India Eyes Latin America
Indian investment is helping Latin America to diversify its sources of economic growth, making the region relatively less dependent on commodity exports. But what about low-wage Indian manufacturing? Doesn’t it pose a competitive challenge to Latin America, where manufacturing wages are higher? To a certain degree, yes. Broadly speaking, however, “Indian exports to the region are not a threat to Latin American industries,” as Heine and Viswanathan stress. “Over half of them consist of raw materials and intermediate goods such as bulk drugs, yarn, fabrics, and parts for machinery and equipment, which can help Latin American industries cut production costs and become globally competitive.”
In a 2010 study (“India: Latin America’s Next Big Thing?”), Inter-American Development Bank economist Mauricio Mesquita Moreira concluded that, while “the fundamentals exist for a strong trade relationship between the two regions,” economic cooperation is being hampered by tariffs and other trade barriers. The hope is that incremental progress on trade expansion will discourage protectionist policies. “More trade is likely to strengthen the virtuous circle in which trade boosts incentives for cooperation while cooperation creates even more opportunities to trade,” explains Moreira.

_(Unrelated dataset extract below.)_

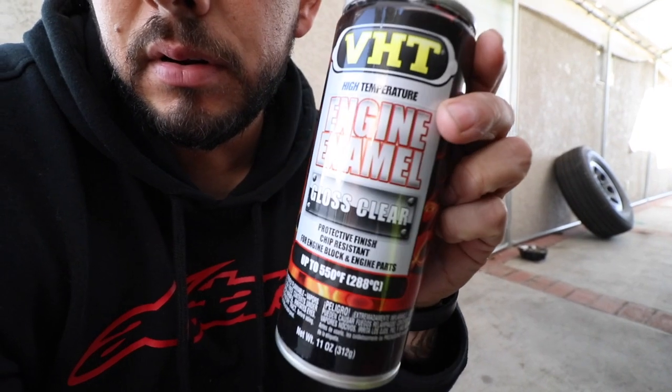The clear we used is engine enamel gloss clear. For the caliper paint — the flame-proof paint — they only come in satin, not sure why. I've used this stuff on my other truck that I took to Mexico and it's been working really well — no peeling or anything. I'm gonna go ahead and stop for today. All I have left is this one caliper, but I really don't want to do it with this wind. I'll put the tires back and see you guys tomorrow.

The recent growth of trade and investment ties between India and Latin America has encouraged warmer diplomatic relations. By 2009, note Heine and Viswanathan, LAC countries had 18 diplomatic missions in New Delhi, and India had 14 missions in the LAC region, up from twelve and seven, respectively, in 2002. The single most important bilateral relationship is that between India and Brazil, Latin America’s largest economy and most populous country. In 2003, the two nations joined with South Africa to sign the Brasília Declaration, which launched the India–Brazil–South Africa Dialogue Forum, or IBSA. The goal of this trilateral mechanism is to promote greater three-way cooperation on issues such as trade, investment, education, poverty reduction, and the environment. “Brazil has what India lacks: a large and fertile land mass with abundant water that can significantly increase the production of food -- something India will always need, be it soybean oil, legumes or sugar,” write Heine and Viswanathan.
As Indo-Brazilian economic links continue expanding, we can expect the two governments to pursue closer collaboration on non-economic matters, including military affairs. This will unnerve the Communist rulers in Beijing, who fashion themselves the undisputed leaders of the developing world and fear the rise of India. Washington won’t always agree with New Delhi’s foreign-policy decisions, but it should welcome a robust Indian presence in Latin America. After all, on the biggest economic and strategic issues of the day, India and the United States are natural allies.